Chi di spending ferisce, di spending perisce – Così, mentre Salvini minaccia di andare a prenderlo a palazzo Chigi se non userà il bonus per gli esodati, il “pifferaio magico” rischia di inciampare nella trappola della spending review. Infatti, mentre il Governo si affanna a ricusare aumenti di IVA o di accise varie, oltre l’orizzonte si intravede lo spettro di nuovi tagli alla spesa pubblica per 10 mld. Il tutto, infatti, sarebbe il risultato di una pericolosa gincana tra le clausole di salvaguardia a tutto svantaggio, ovviamente, dei cittadini. Infatti, l’annuncio di eludere le clausole, secondo molti, non sarebbe che un maldestro tentativo per preparare l’opinione pubblica ad ulteriori sacrifici.

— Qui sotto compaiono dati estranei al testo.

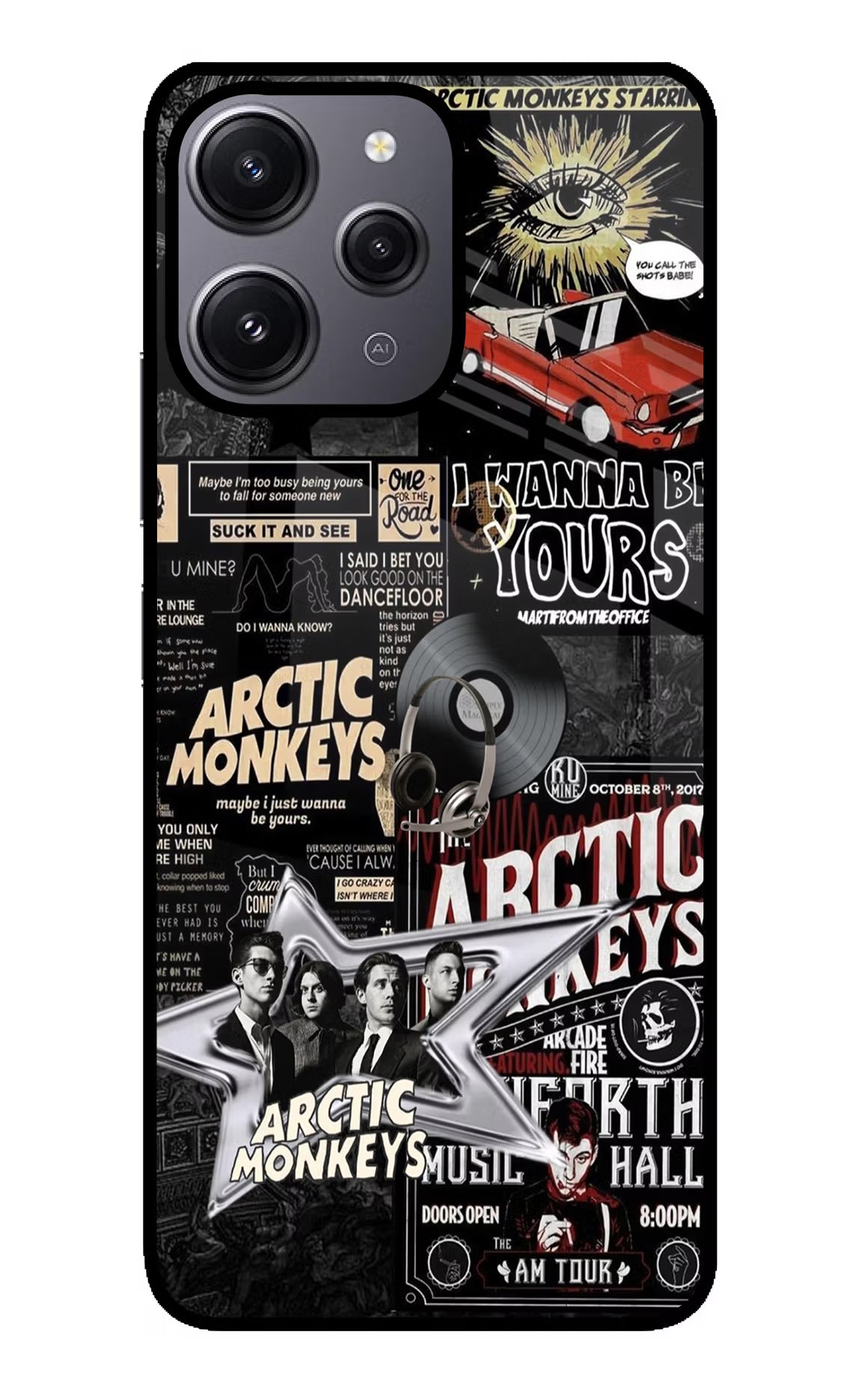 Arctic Monkeys Redmi 12 4G Glass Case Back Cover by Casekaro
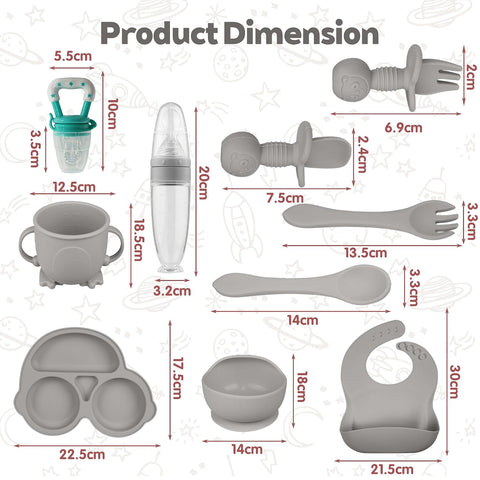 Silicone Baby Feeding Set,Miicasa Baby Led Weaning Supplies Kit With Suction Bowl & Car Plate, Bib, Spoon, Fork, Cup - Food-Grade Silicone, Dishwasher-Safe, No BPAs - For 3+ Months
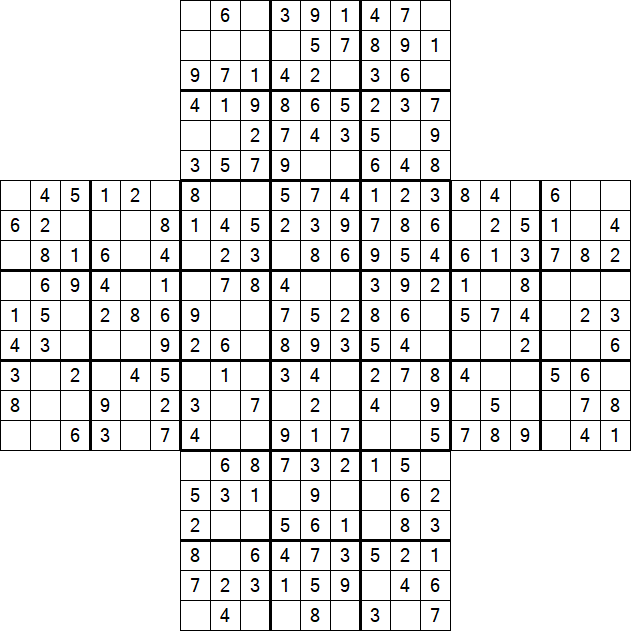 Cross Sudoku - Fácil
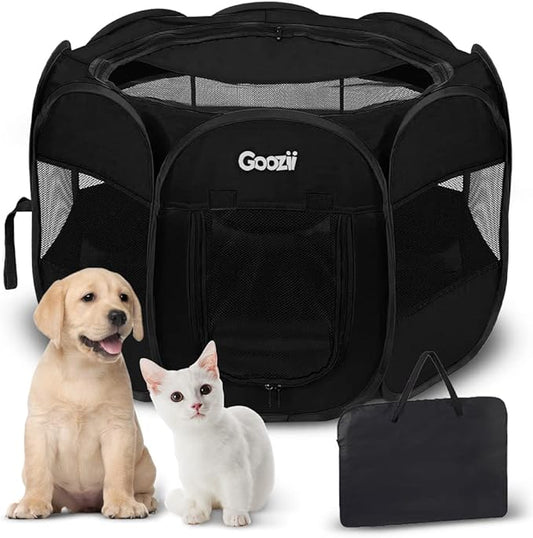 GOOZII Puppy Playpen Indoor for Small Dogs, Portalble Pet Dog Play Pens Kennel Crate with Top Cover Floor Door Enclosed for Large Cats Animal as Dog Lovers (Black, Medium Size)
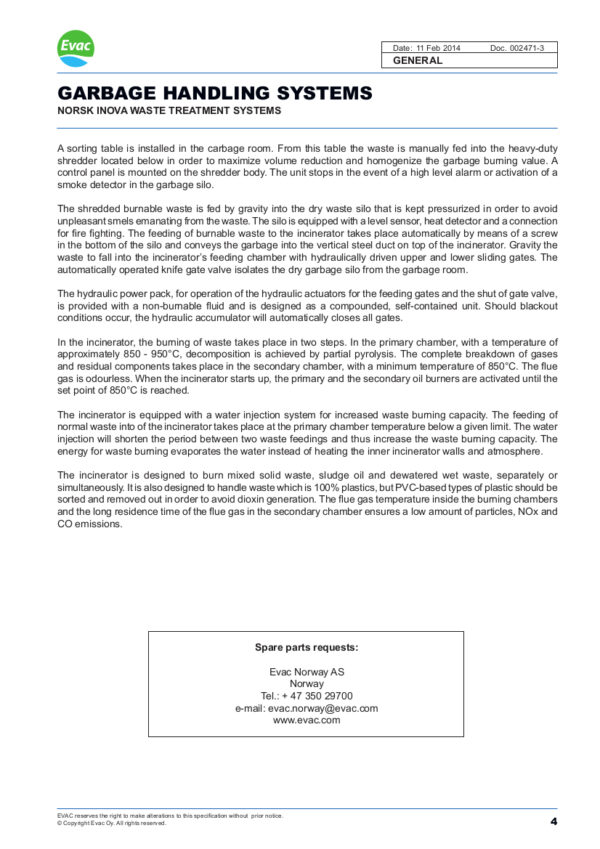 EVAC Garbage Handling Systems Marine Spares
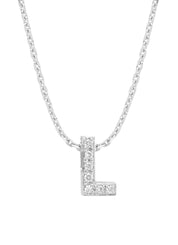 Witgouden hanger L, 0.03 ct diamant, Alphabet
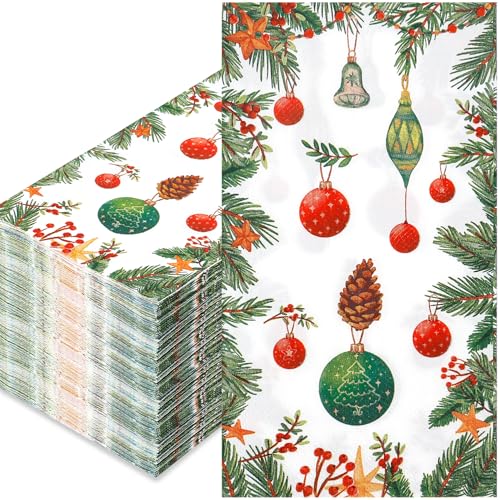 100 Pcs Christmas Paper Napkins – 2-Ply Disposable Holiday Party Napkins
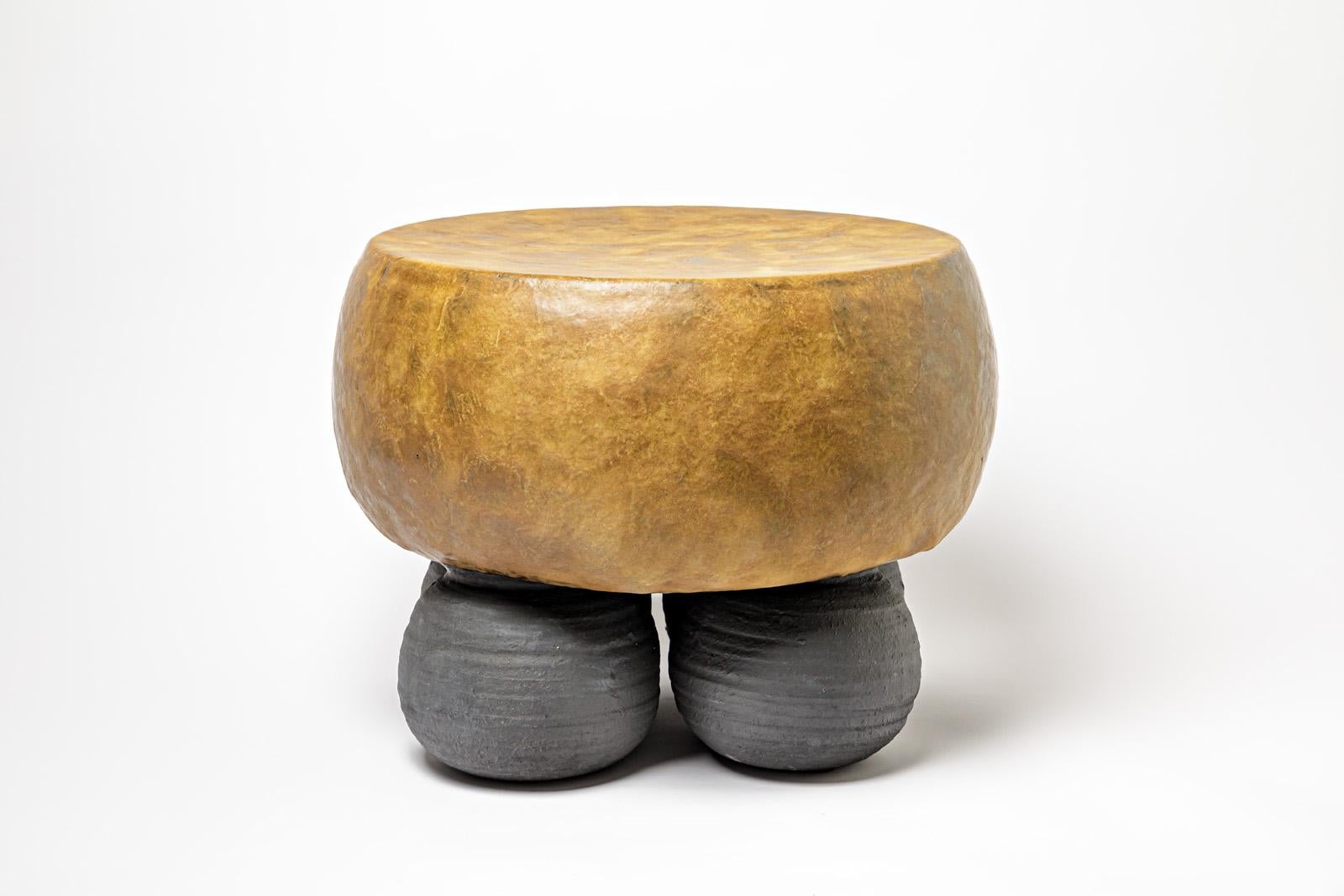 French Black and Mustard Glazed Ceramic Stool or Coffee Table by Mia Jensen, 2023 For Sale
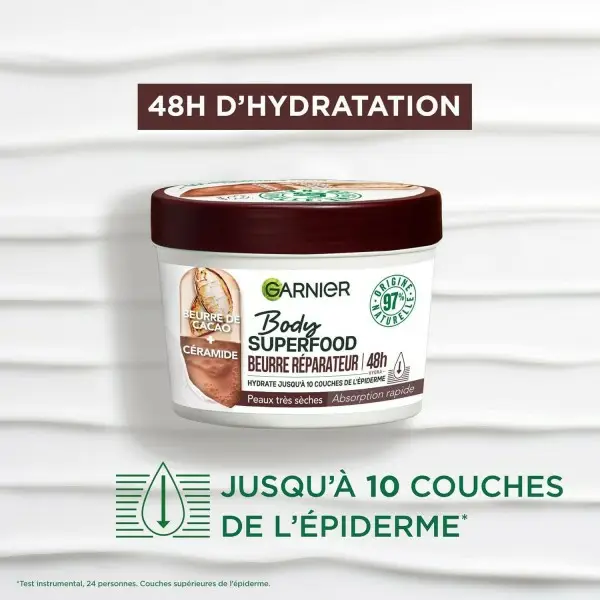 Crème Soin Corps Réparatrice Hydratation 48HAu Beurre de Cacao & Céramide Body Superfood de Garnier Garnier 5,00&nbsp;€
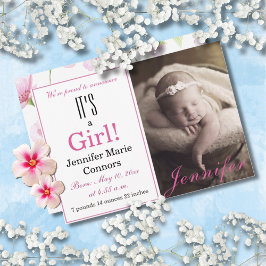 Es ist ein Mädchen! Pink Floral Baby Geburtserklär Einladung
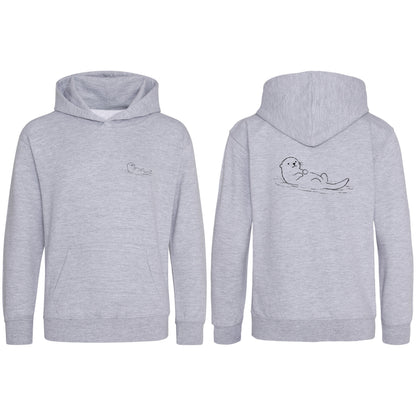 Floating Otter Kids' Hoodie - Wild Lines Heather Grey colour variant image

Mai fare i conti senza l’oste – Al netto delle dichiarazioni di circostanza, lo scenario sembra farsi piuttosto intrigato per il Governo. Un contesto degno del migliore Kevin Spacey, reso ancora più complesso proprio perché, prima di approdare a Bruxelles, palazzo Chigi dovrà fare i conti con primi decreti fiscali la cui scadenza è prevista per il 21 aprile. Da qui, con tutta probabilità, la posizione attendista manifestata dall’Esecutivo, troppo preoccupato di disattendere le aspettative europee.
Al di là dei contenuti tecnici, di cui si è già lungamento discusso, la maggior parte delle attese sembrano tutte, ovviamente, concentrate sul quel bonus tanto decantato ma altrettanto pericoloso. Infatti, con le elezioni regionali alle porte, appare sempre più chiaro come quel miliardo e sei rischia di rivelarsi un vero e proprio boomerang per il Governo Renzi. Il motivo: la solita vecchia storia sulla politica che promette e non mantiene. Meglio attendere allora, ma non troppo. Sì, perché anche se per il momento dall’Europa arrivano messaggi di distensione, entro fine mese bisognerà, comunque, rendere conto a Bruxelles. Lì, infatti, non tutti vedono di buon occhio i sussidi ai meno abbienti o ulteriori aumenti della spesa pubblica, a maggior ragione se a farli è un paese che non rispetta i vincoli sul deficit. Ecco allora che il sospetto si fa sostanza. La sostanza di chi crede che alla fine dei conti quel “tesoretto” non sarà altro che un paracadute per le riforme già in atto. Quelle richieste in tempi non sospetti da Bruxelles, appunto, e per le quali il Governo si è già compromesso.